The Silent Boy is set in the early days of the French Revolution and is the tale of a young boy brought to England by French émigrés fleeing the bloody excesses of the 1792 Tuileries massacre which has claimed the life of his mother, Savill’s estranged wife.
Young Charles has seen unimaginable horrors – and is keeping a terrible secret which he must never reveal. He believes total silence is the only way to ensure his safety and refuses to speak at all. Once in England he becomes the focus of a tug of war between a French aristocrat who believes the boy is his, and Savill’s former father-in-law, the secretive and mysterious civil servant Rampton who will make him his heir.
As the battle for the boy intensifies, Savill finds he too is becoming emotionally involved.
Once again Taylor marries flawlessly integrated historical detail to an absorbing mystery to produce a story as darkly strong as anything in the field. His total mastery of plot and character make this a must-read book.
If many elements of the story bring the works of Dickens to mind – the horrors of Paris, the badly-treated child, the vivid descriptions of London, the unexpected kindness of strangers, owe more than a nod to A Tale Of Two Cities, Oliver Twist and David Copperfield – it is a tribute the Master would be pleased to accept.
But I am not sure even Dickens could have produced the brilliant and moving portrayal of the traumatised little boy who is far more intelligent, tough and resourceful than he appears. His obsession with facts, figures and his imaginary friend – a medical plaster cast of a child’s body – are both realistic and touching.
Everything about this gripping and atmospheric thriller is as near perfect as historical fiction gets.
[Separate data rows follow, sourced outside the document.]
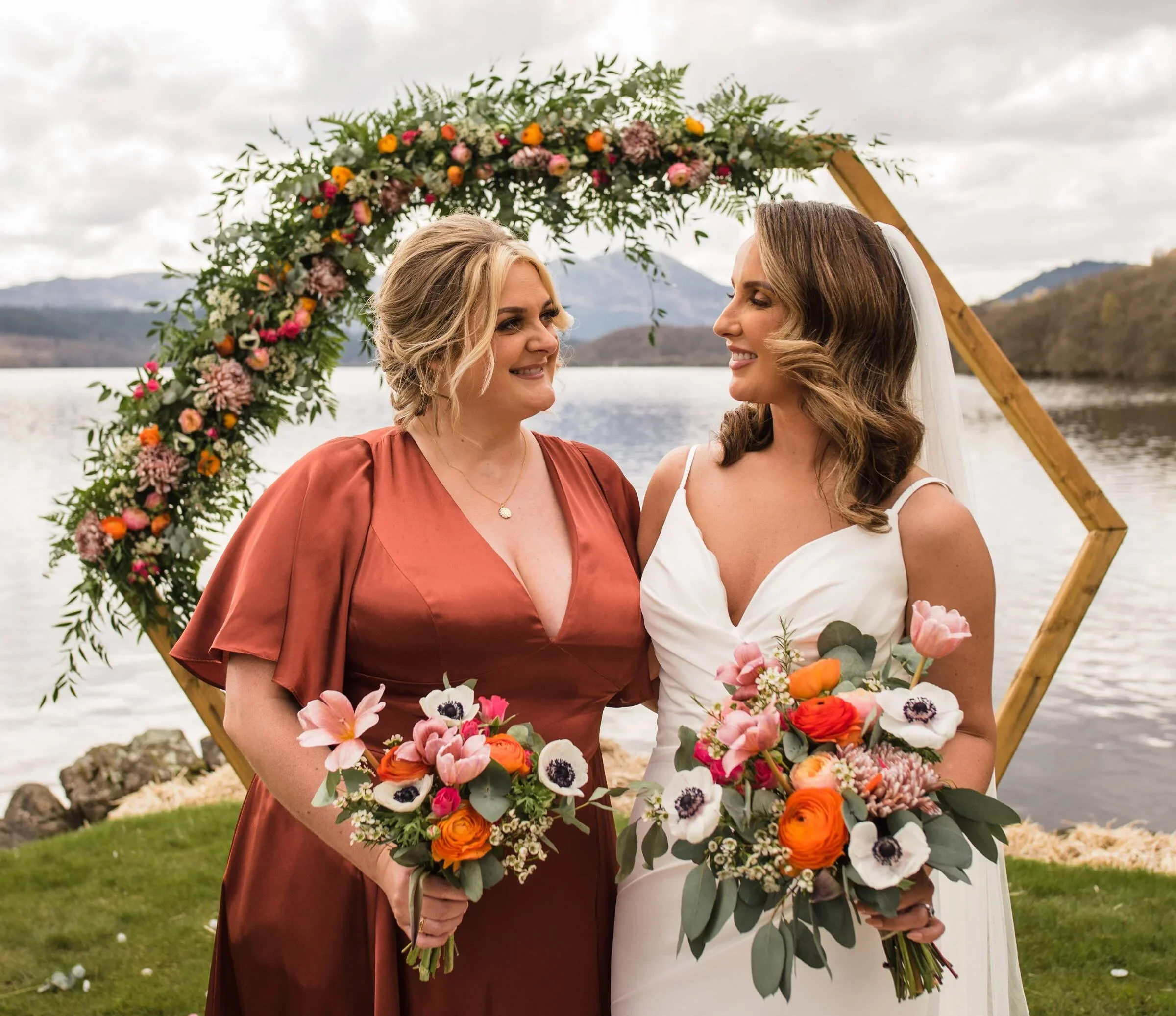 Two women in wedding attire stand facing each other outdoors by a lake with mountains in the background, holding bouquets of colorful flowers.
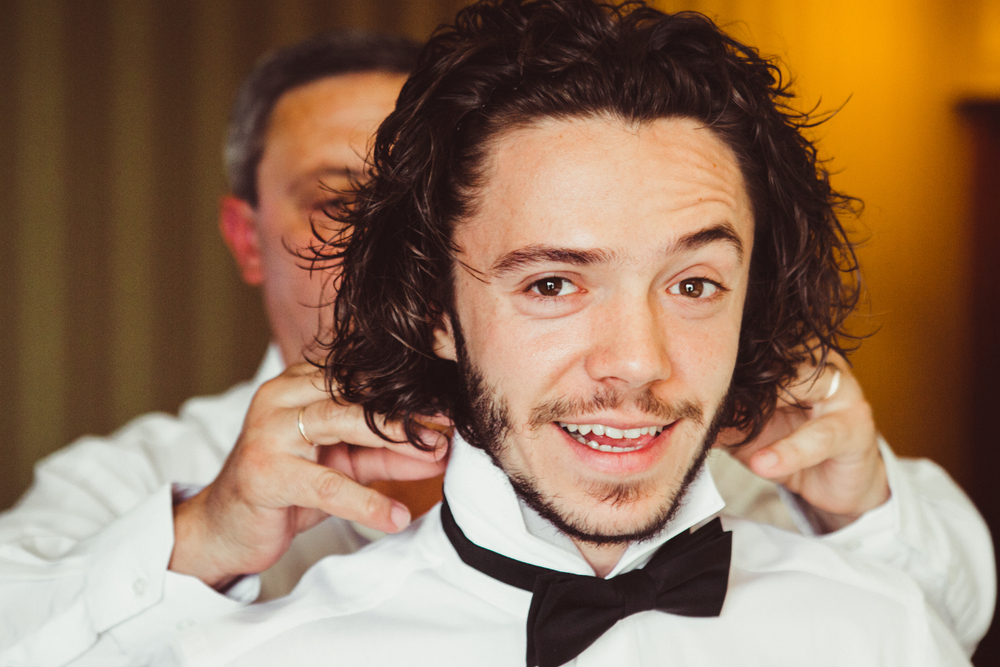 Groom's father helping the groom to get ready for wedding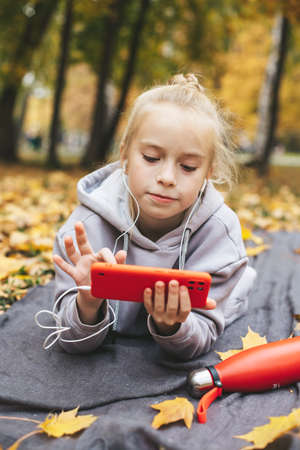 Gen z teenage girl using smartphote outdoors in autumn time.の写真素材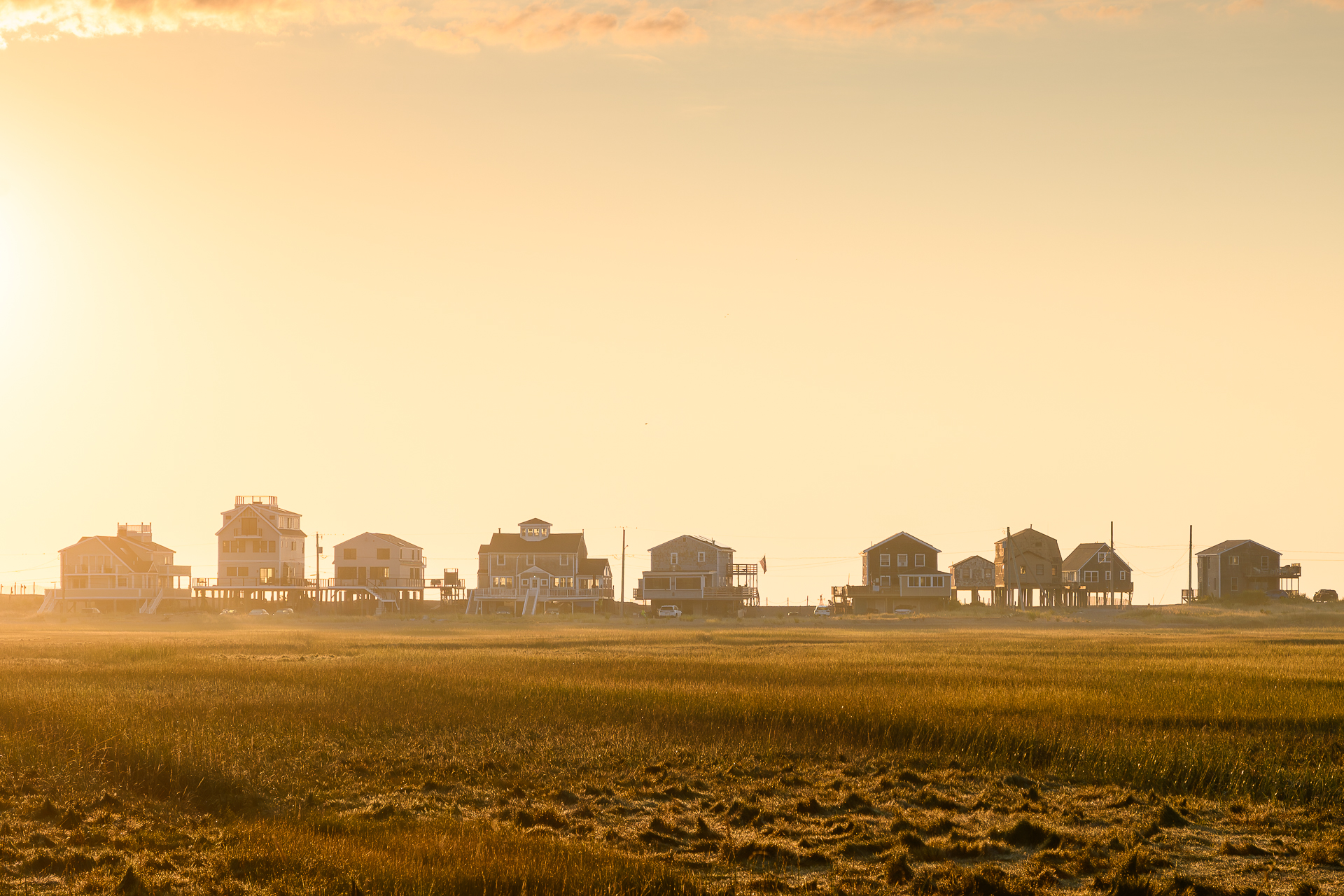 Houses on stilts at sunrise.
The evocation of late 18th century England, the French émigrés – outcasts in both countries – truly authentic, the hunt for Charles totally believable and his own first-person narrative a touch of genius.
It’s impossible to say more about the plot without destroying what is one of the most explosive and surprising denouements you will ever read – which makes the noir school seem tame and belongs more in Imperial Rome or corrupt Constantinople than muddy England.
But Taylor’s superb blending of bloody history with believable and appealing characters and carefully ratcheted and effortlessly sustained suspense should ensure he has yet another best-seller.